What the task requires – Every entry must be transcribed exactly. Pictures are not part of the copy.

───── Given entries ─────

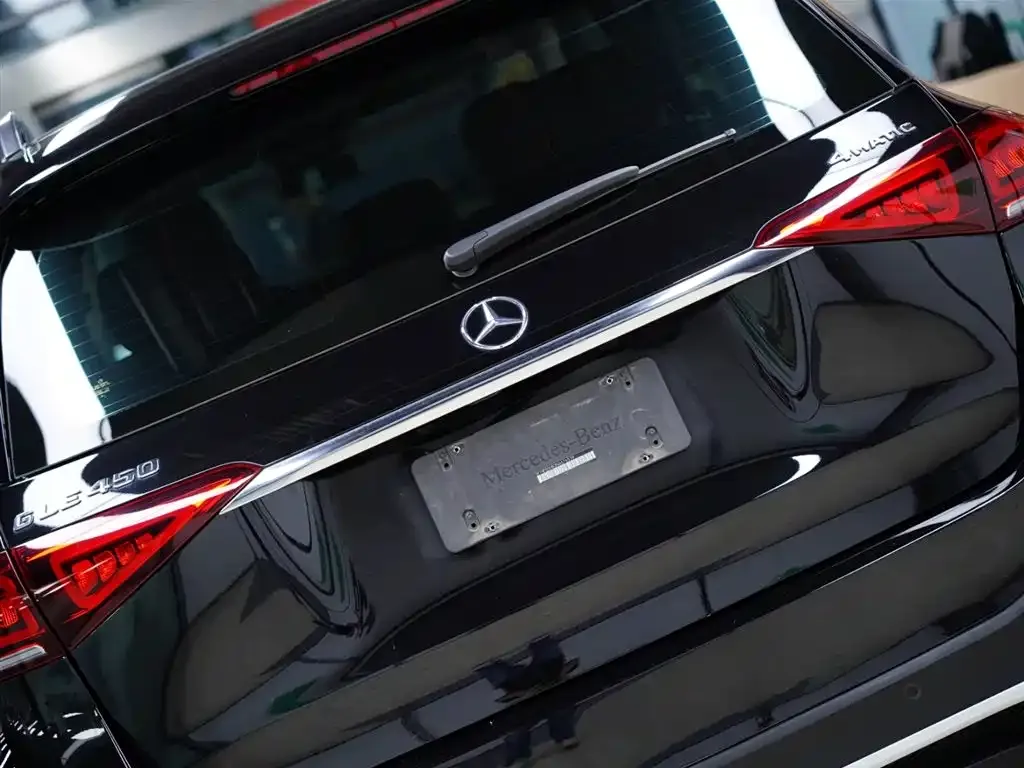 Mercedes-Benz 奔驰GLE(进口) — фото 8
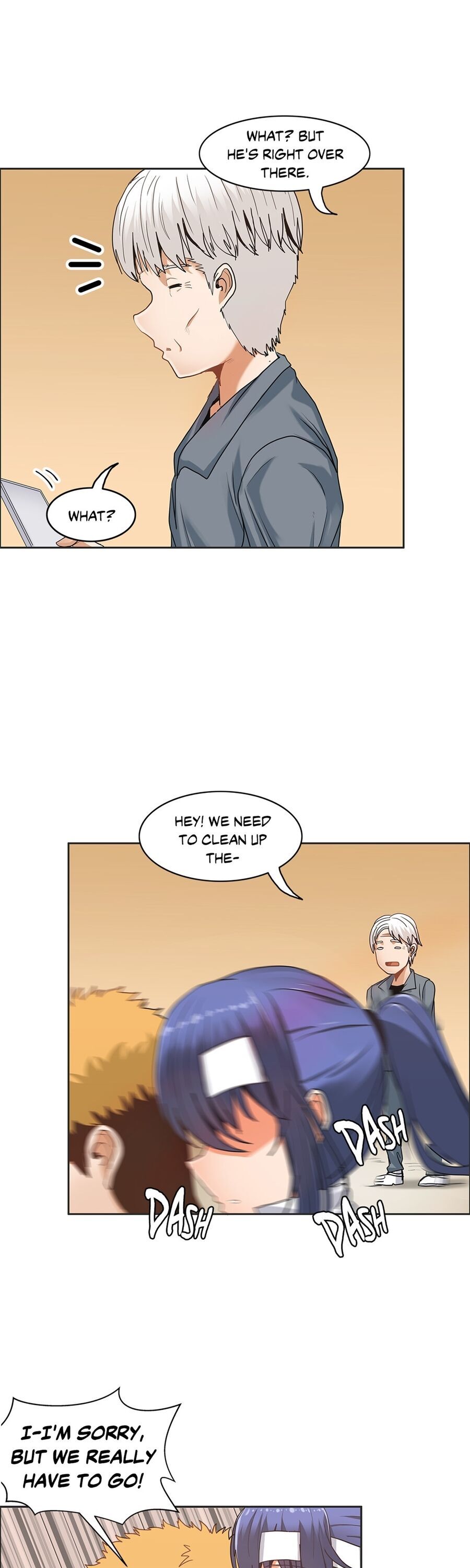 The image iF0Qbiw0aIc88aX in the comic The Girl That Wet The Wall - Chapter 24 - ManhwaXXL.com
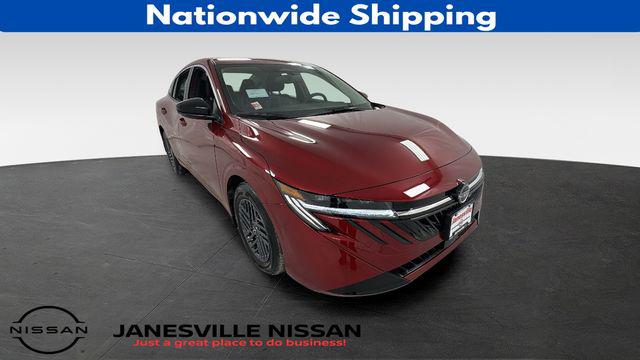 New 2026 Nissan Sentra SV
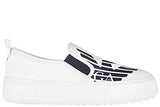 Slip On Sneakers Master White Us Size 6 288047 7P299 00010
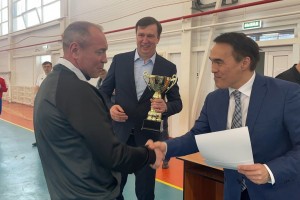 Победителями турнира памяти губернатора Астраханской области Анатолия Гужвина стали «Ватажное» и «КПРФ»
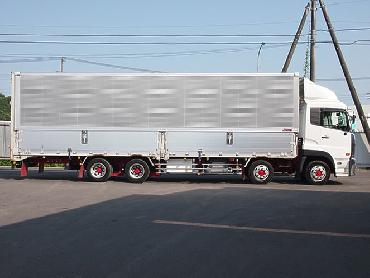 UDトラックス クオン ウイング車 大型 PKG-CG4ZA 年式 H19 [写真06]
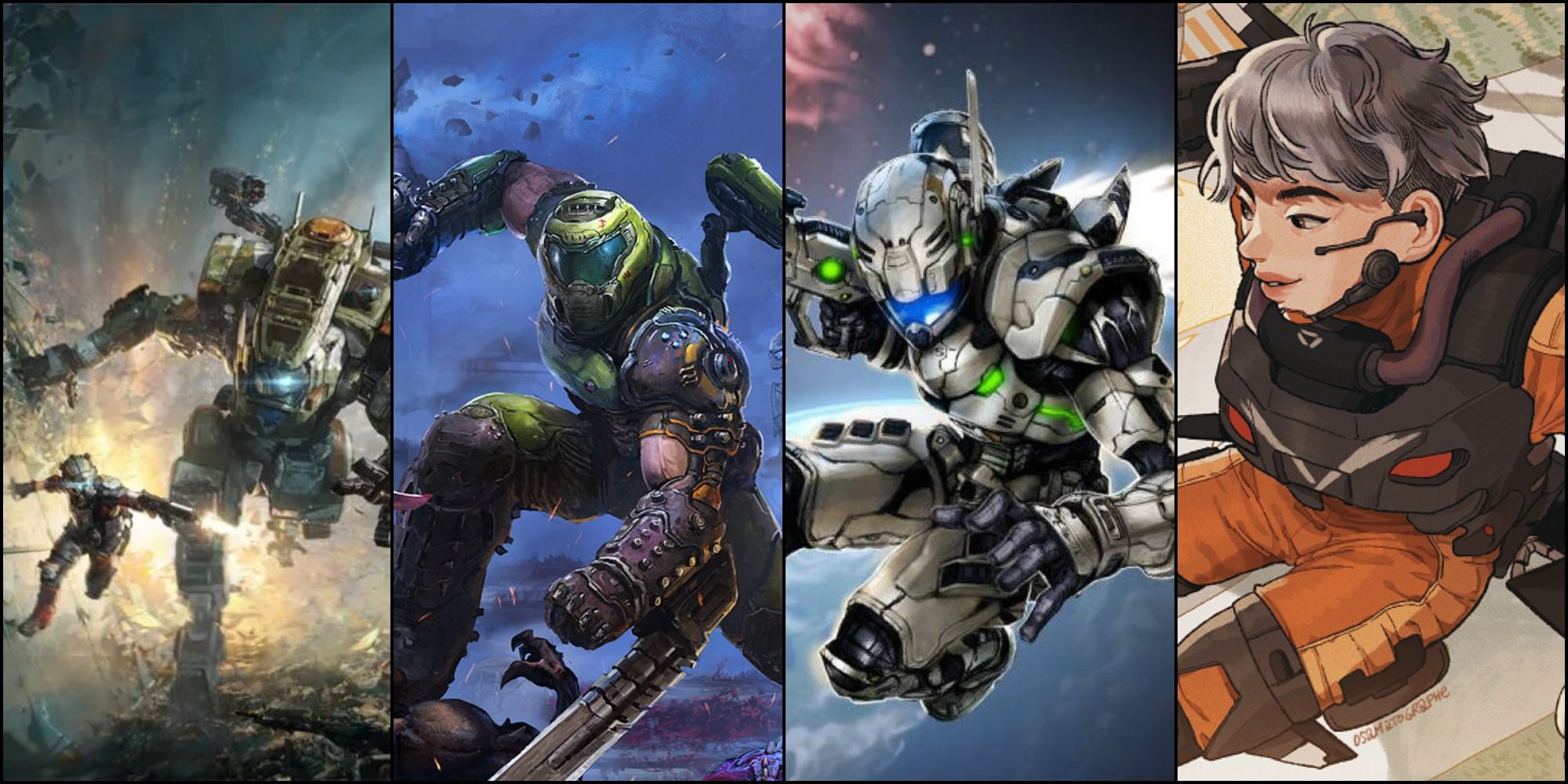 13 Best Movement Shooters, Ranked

─────

Response for this exercise –
 Mercedes-Benz 奔驰GLE(进口) — фото 8
 The image iF0Qbiw0aIc88aX in the comic The Girl That Wet The Wall - Chapter 24 - ManhwaXXL.com
 New 2026 Nissan Sentra SV
 Slip On Sneakers Master White Us Size 6 288047 7P299 00010
 Победителями турнира памяти губернатора Астраханской области Анатолия Гужвина стали «Ватажное» и «КПРФ»
 UDトラックス クオン ウイング車 大型 PKG-CG4ZA 年式 H19 [写真06]
 13 Best Movement Shooters, Ranked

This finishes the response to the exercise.